Demokrasi en meşhur ifade ile “Halkın kendisini yönetmesi”  olarak yazıldı ve okundu. Her ne kadar böyle yazılıp okunsa da toplumları da devletleri de yönetenlerin halk değil küresel güçler olduğuna olan inanç inkâr edilmeyecek kadar gerçek. Evet, küreselciler artık eskisi kadar Demokrasi meftunu değil… Bir gece ansızın bir karar alıp “Toplanın demokrasi götüreceğiz” diyenler artık bu tür cümleler kurmaz oldu.

Kişisel ya da kurumsal boyutta kabul edilir ya da edilmez lakin bir sosyal gerçek var ki “Bürokrasi Krallığı” diye bir krallık var… Kimse krallıklar tarihte kaldı demesin…

Bürokrasi yeni bir kavram ya da sosyal gerçeklik değildir. Asırlardır çeşitli mecralarda bu kavram dillendirilse de günümüzde inkar edilemeyecek bir gücü var hatta bu güç her geçen gün karşı konulmaz güç haline gelmektedir. Tabii ki de bu salt bürokrasinin gücü değildir…

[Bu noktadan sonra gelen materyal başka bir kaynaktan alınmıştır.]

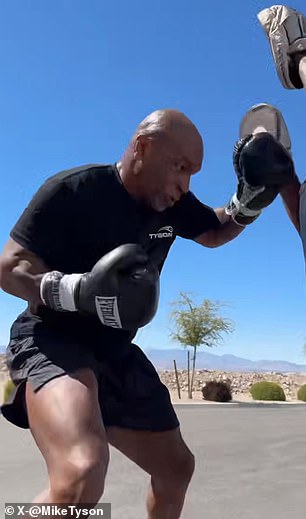 Mike Tyson is seen training before the fight with Jake Paul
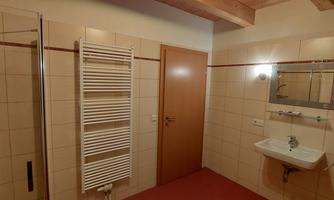 A simple bathroom with a shower, a sink, and a towel warmer. The walls are brightly tiled and there is a door to an additional room.
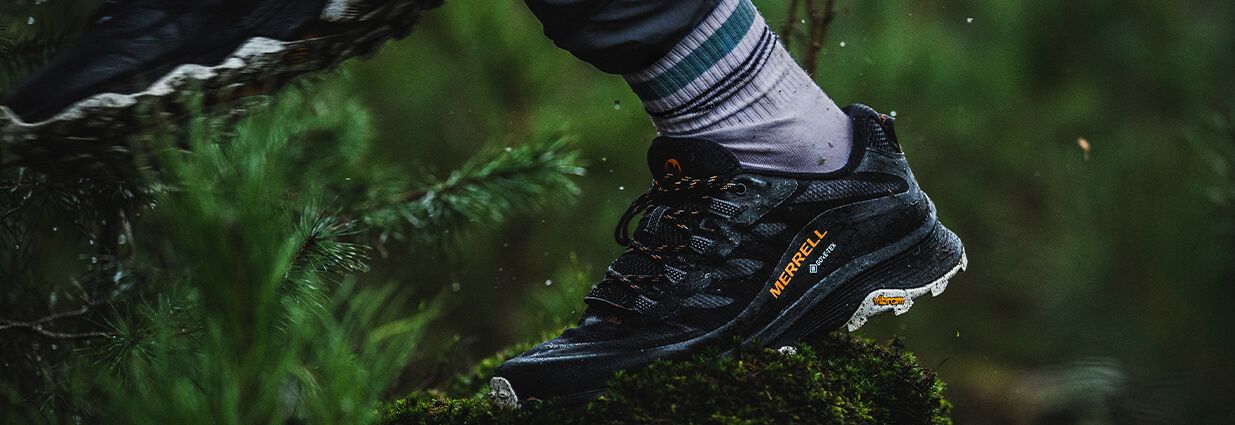 En svart merrell-sko i en våt skog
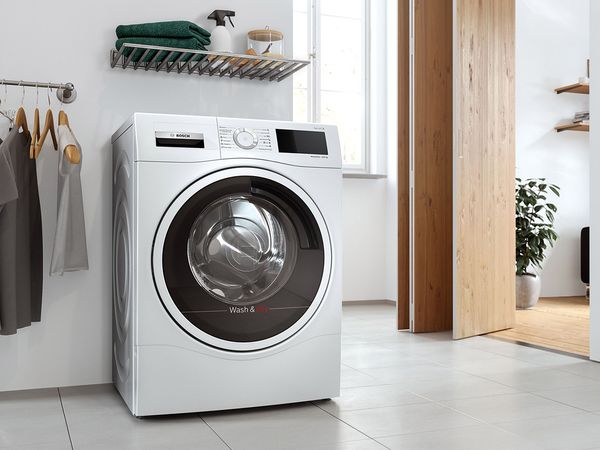 Vaske-/tørremaskine i et åbent vasketum ved siden af en stativ med skjorter.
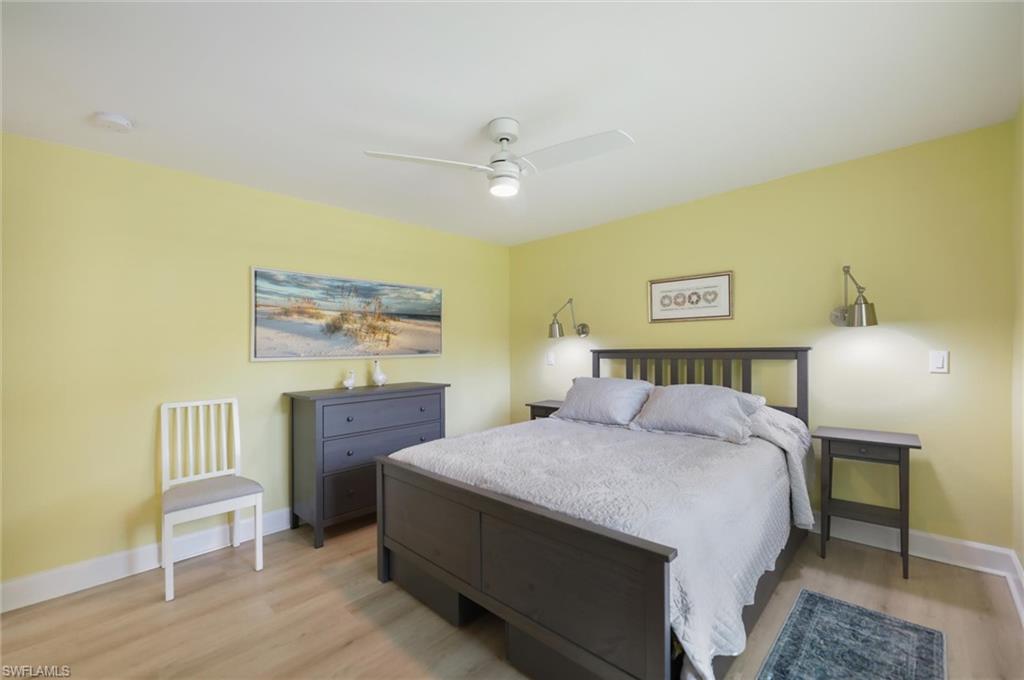 Bedroom with light wood-type flooring and a ceiling fan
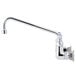 A close-up of a T&S chrome wall mount faucet with lever handles.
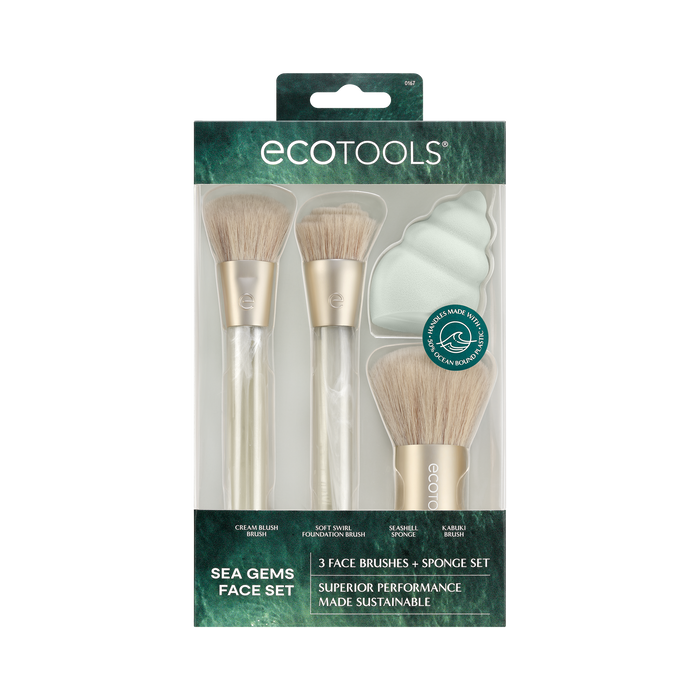 The EcoTools Eco Sea Gems Face Set includes vegan brushes with wood-style handles and a sponge, highlighted by light bristles. The packaging emphasizes its eco-friendly, cruelty-free nature and sustainable performance.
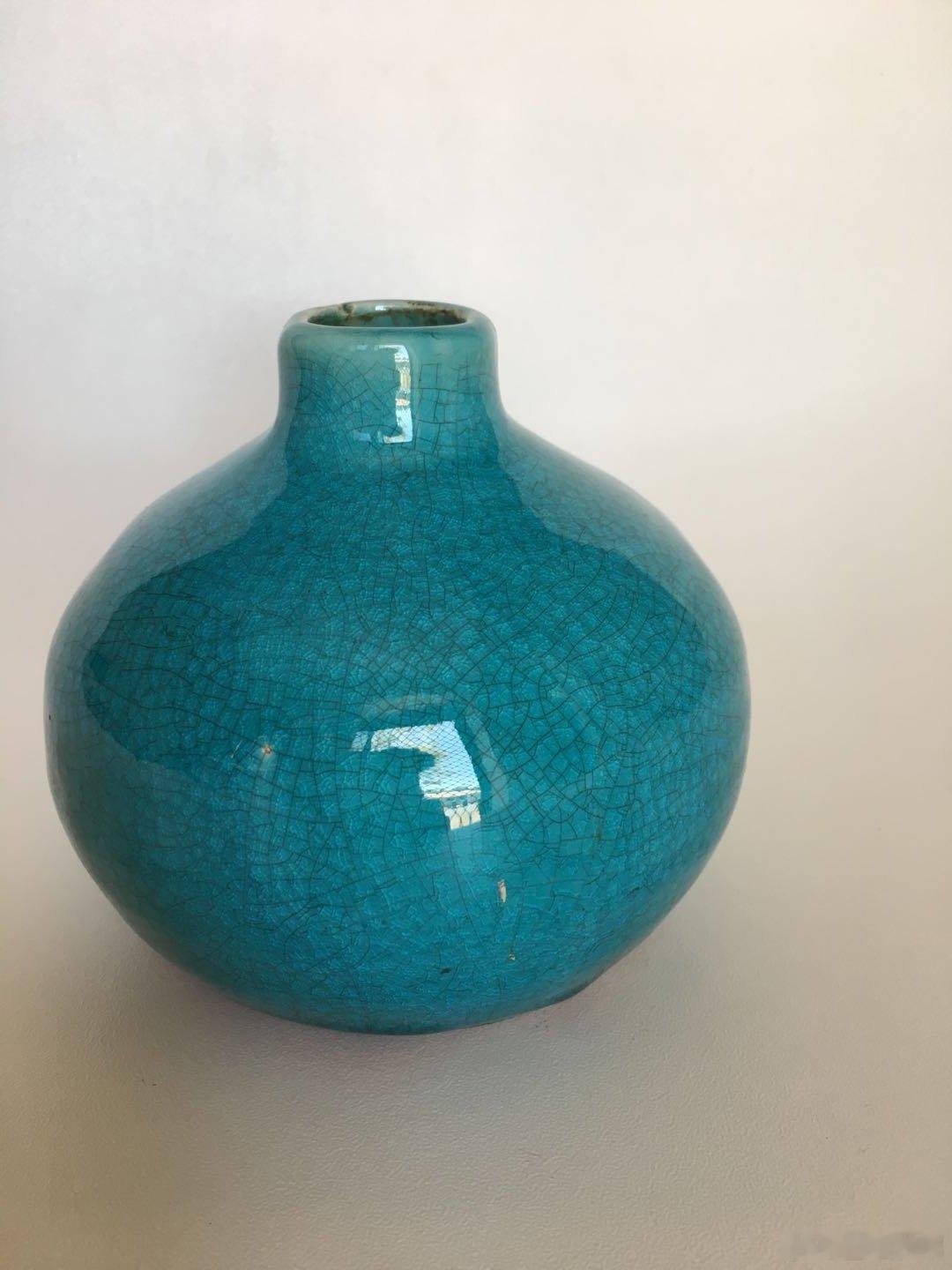 每周鉴赏收藏精品之孔雀蓝咕噜瓶        咕噜瓶可能是古代酒瓶中最讨喜的器型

Emir alan bürokrasi son yıllarda söz dinlemeyen olmuştur. Bürokrasi hizmet götüren olmayı değil hizmeti tıkayan olmuştur. Gelin önce küresel güçler neden Türkiye’de demokrasiye olan inancını ve umudunu kaybetti de tercihlerini bürokrasiden yana kullandılar? Bu sorunun önemli birden çok sebebi olabilir lakin biz öncelikli olandan başlayalım…

Türkiye politik sürecinde genelde 2002 özelde de 2013 yıllarından bu yana politik anlamda bir Muhalefet sosyal gerçeklik olarak yoktur. Şahsen Erdoğan olduğu sürece kazanan hep Erdoğan olacak ifadeleri kendi aralarında değil bunu medya ile de paylaşmışlardır.

Bürokrasi Krallığı neye güveniyor… Aritmetik bir hesap yapıp  “Artık yakında Erdoğan olmayacak!” öncülünü kullanarak akıllara ziyan çıkarımlar yapıyorlar. Kısacası Bürokrasi Krallığı Erdoğan Sonrası Dönem olarak adlandırdıkları dönemin fizibilite çalışmalarını çoktan yapmaya başladılar.

Bu hesabı yapan birkaç istisna bakanlık ya da birkaç istisna üst düzey bürokrat değil; birkaç istisnanın dışında ekserisi bu hesabı yapıyor.

Küresel güçler illegal yollarla ülkemizdeki Bürokrasi Krallığı için hibe üstüne hibe programları imzalıyor. İmzalıyor derken resmi ya da ıslak bir imza değil… “Ben bu işe imzamı atarım” deyimi var ya işte o minvalde…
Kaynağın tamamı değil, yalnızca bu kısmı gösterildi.